De lá, fomos ao Supremo Tribunal Federal, para falar com o Ministro Carlos Ayres Britto, que é o relator de inúmeras ações que estão lá faz anos, para que não se tivesse chegado a esse ponto. São ações das entidades indígenas, do Governo do Estado e dos proprietários pequenos, ações minhas, do Senador Augusto Botelho, que estão sem decisão. O Ministro nos prometeu pautar imediatamente, em face da situação, aguardando apenas, segundo ele, parecer da Procuradoria-Geral da República. Enquanto isso, a Polícia Federal está pintando e bordando lá. Está pintando e bordando, como se lá fosse um faroeste qualquer.

Sr. Presidente, vamos ver como essas coisas têm certos contornos. Há uns dias, há algumas semanas, o Ministro Mangabeira Unger, a fim de subsidiar seu projeto, que ele chama de Amazônia do Futuro ou Amazônia Sustentável, esteve no meu Estado. Fui, inclusive, convidado por ele pessoalmente, para ir. Não tive oportunidade de ir por questões superiores, mas o Senador Augusto Botelho e o Deputado Márcio Junqueira foram. E o Comandante do Exército, General-de-Brigada Eliezer Monteiro, foi junto com a Ministra, no helicóptero do Exército, com pessoas do Exército, para dar não só a logística, mas também a segurança ao Ministro.

Pois, chegando lá a determinada vila, ele recebeu a informação de que o General não poderia ir para a reunião dos índios do Conselho Indígena de Roraima, dentro do território nacional; e que também não poderiam ir os Parlamentares, nem o Senador, nem o Deputado Federal.

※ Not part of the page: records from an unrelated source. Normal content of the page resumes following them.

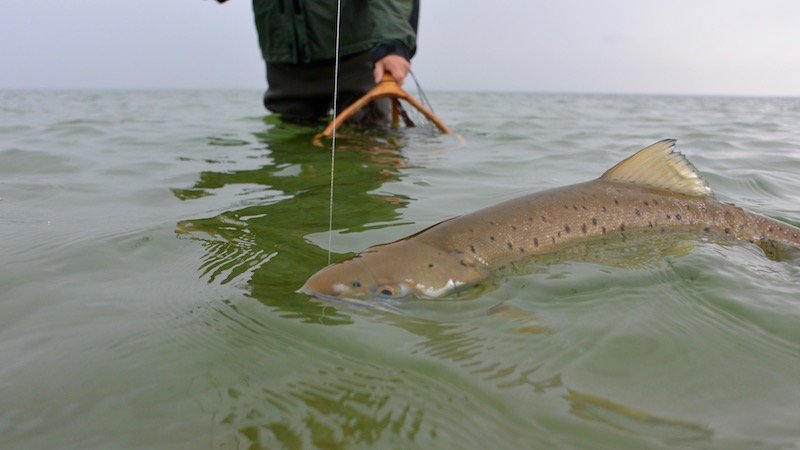 160430 samsoe sestrout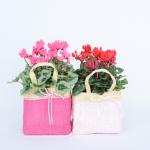 Giỏ Hoa Anh Thảo 004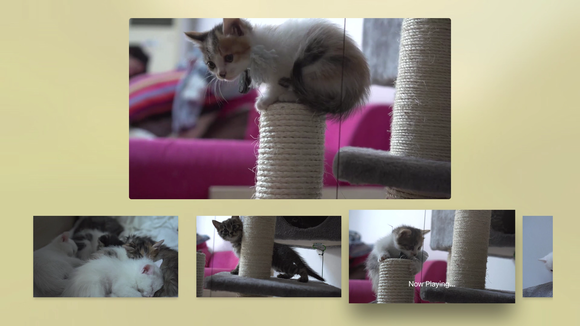 kittens tv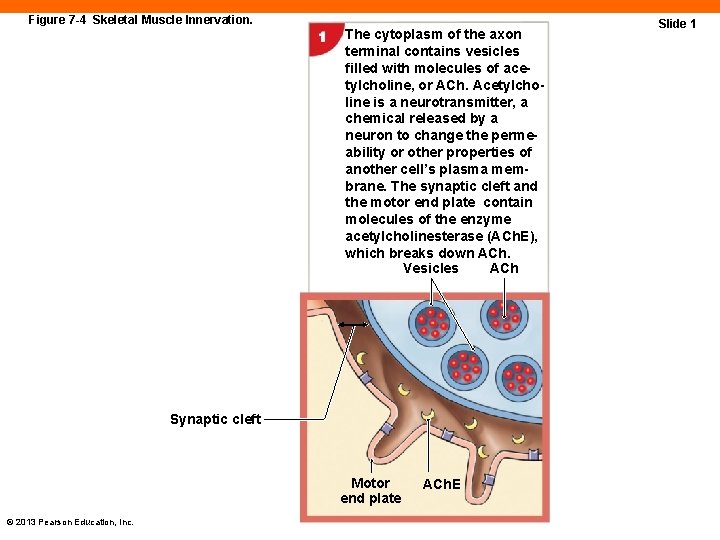 Figure 7 -4 Skeletal Muscle Innervation. The cytoplasm of the axon terminal contains vesicles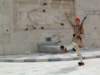 athens24_small.jpg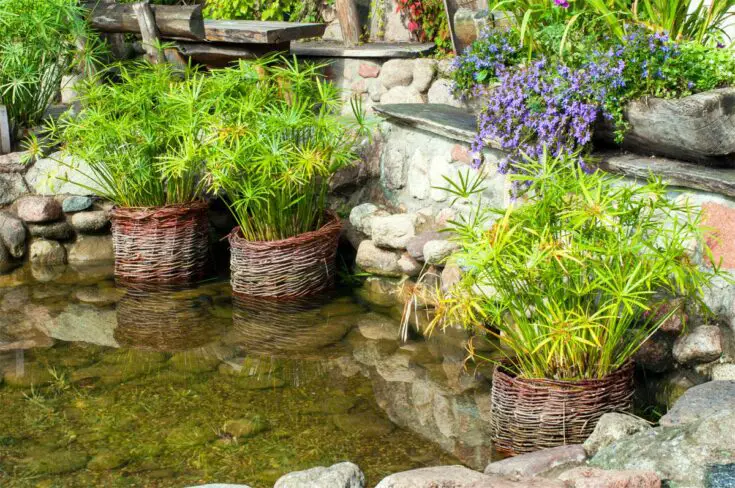 Wassergarten Beispiel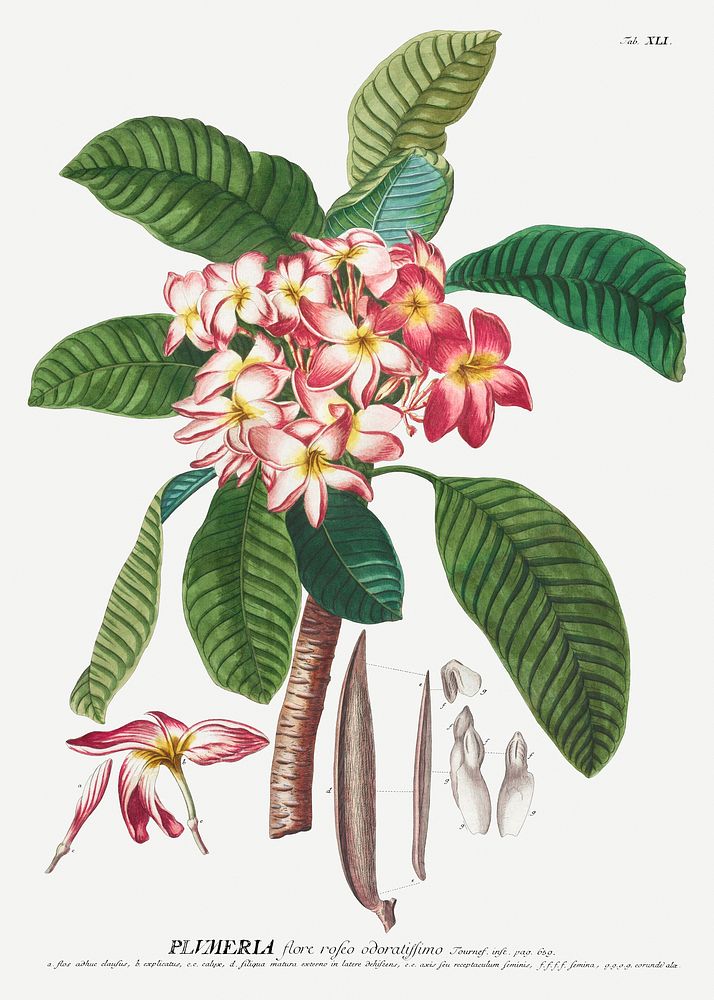 Plantae Selectae: No. 41&ndash;Plumeria by Georg Dionysius Ehret. Original from The Cleveland Museum of Art. Digitally…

Isso, Senador Mão Santa, o que é? Já é um nítido ato de autonomia territorial, de decisão de uma etnia - porque não aceito que ninguém diga que existe o povo indígena tal, mas o povo brasileiro, que tem etnias indígenas, negras, até européias. Existe apenas o povo brasileiro.

Mas quero ler aqui a nota de esclarecimento do Exército em relação a essa questão de o General ter sido barrado de entrar naquela reunião.

Em relação ao noticiário na imprensa, sobre a visita do Ministro Extraordinário para Assuntos Estratégicos, Roberto Mangabeira Unger, informamos que o Exército Brasileiro (EB) está presente em Roraima, cumprindo missão constitucional, quer seja em operações de presença ou de patrulhamento da fronteira, quer seja na realização de obras, ou na orientação educacional para a prática salutar da cidadania, dever de todos os brasileiros.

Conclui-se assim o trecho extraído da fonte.